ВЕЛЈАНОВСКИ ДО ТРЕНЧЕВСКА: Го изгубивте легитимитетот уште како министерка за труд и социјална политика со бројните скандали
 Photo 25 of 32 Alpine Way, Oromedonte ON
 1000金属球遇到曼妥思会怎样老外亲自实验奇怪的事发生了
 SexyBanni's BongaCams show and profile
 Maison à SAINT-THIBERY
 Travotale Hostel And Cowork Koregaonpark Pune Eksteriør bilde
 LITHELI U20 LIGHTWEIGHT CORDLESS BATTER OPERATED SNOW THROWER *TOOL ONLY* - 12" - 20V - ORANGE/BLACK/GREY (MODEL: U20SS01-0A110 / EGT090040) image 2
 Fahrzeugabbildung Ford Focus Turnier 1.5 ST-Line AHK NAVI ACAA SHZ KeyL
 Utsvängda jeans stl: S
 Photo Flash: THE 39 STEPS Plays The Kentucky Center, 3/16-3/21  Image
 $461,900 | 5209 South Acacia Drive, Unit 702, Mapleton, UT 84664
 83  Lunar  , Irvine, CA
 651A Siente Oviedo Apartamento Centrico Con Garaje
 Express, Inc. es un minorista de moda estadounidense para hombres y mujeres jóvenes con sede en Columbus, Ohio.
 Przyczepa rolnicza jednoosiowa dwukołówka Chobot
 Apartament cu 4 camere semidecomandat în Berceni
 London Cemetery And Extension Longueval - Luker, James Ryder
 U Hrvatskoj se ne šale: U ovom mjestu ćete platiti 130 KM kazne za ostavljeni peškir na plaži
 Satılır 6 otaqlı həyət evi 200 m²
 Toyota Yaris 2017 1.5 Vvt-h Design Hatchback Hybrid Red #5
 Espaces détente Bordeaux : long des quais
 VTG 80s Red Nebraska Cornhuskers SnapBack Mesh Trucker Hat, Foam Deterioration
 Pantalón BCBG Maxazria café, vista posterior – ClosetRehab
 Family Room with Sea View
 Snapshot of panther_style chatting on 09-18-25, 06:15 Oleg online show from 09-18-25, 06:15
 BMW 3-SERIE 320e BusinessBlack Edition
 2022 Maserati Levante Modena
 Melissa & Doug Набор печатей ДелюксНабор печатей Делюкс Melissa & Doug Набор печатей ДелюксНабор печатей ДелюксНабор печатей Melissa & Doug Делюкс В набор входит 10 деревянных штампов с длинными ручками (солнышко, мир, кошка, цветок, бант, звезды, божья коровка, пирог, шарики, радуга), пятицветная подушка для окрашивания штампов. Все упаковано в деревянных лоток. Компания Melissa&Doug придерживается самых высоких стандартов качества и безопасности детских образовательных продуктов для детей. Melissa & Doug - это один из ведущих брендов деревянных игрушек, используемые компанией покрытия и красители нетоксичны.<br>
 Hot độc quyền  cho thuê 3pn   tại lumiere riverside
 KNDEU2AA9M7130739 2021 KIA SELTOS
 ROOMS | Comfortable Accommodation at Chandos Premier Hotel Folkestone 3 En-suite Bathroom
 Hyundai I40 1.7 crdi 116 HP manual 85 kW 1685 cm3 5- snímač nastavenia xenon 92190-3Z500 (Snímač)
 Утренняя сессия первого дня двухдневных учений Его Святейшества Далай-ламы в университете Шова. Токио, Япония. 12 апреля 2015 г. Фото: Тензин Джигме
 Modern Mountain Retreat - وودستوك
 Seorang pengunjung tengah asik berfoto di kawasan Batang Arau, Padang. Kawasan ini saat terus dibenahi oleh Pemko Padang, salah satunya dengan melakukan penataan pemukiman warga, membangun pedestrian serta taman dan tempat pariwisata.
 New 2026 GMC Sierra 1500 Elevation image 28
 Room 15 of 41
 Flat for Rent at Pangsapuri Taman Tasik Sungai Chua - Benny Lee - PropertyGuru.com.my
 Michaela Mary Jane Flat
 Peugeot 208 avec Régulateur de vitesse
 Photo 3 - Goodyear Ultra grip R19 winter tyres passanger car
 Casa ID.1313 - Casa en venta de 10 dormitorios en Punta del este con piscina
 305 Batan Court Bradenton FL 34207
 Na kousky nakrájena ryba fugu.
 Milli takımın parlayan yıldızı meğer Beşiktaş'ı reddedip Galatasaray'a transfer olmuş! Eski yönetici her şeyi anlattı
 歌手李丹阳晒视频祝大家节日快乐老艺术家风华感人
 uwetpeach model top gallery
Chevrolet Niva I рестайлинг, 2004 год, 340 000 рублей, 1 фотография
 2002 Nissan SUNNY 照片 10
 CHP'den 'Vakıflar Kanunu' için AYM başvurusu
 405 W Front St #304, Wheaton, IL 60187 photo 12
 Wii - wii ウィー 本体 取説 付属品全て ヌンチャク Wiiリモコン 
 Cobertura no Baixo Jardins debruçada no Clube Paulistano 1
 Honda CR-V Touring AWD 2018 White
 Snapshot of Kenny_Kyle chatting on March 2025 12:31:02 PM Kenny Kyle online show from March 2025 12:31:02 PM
========================
▶ [To do] The stretch of entries above that starts with the line containing "ROOMS | Comfortable" and goes on through the line containing "Modern Mountain Retreat - وودستوك" is to be transcribed exactly, and no other line is to be transcribed.

▶ [Exercise output]
 ROOMS | Comfortable Accommodation at Chandos Premier Hotel Folkestone 3 En-suite Bathroom
 Hyundai I40 1.7 crdi 116 HP manual 85 kW 1685 cm3 5- snímač nastavenia xenon 92190-3Z500 (Snímač)
 Утренняя сессия первого дня двухдневных учений Его Святейшества Далай-ламы в университете Шова. Токио, Япония. 12 апреля 2015 г. Фото: Тензин Джигме
 Modern Mountain Retreat - وودستوك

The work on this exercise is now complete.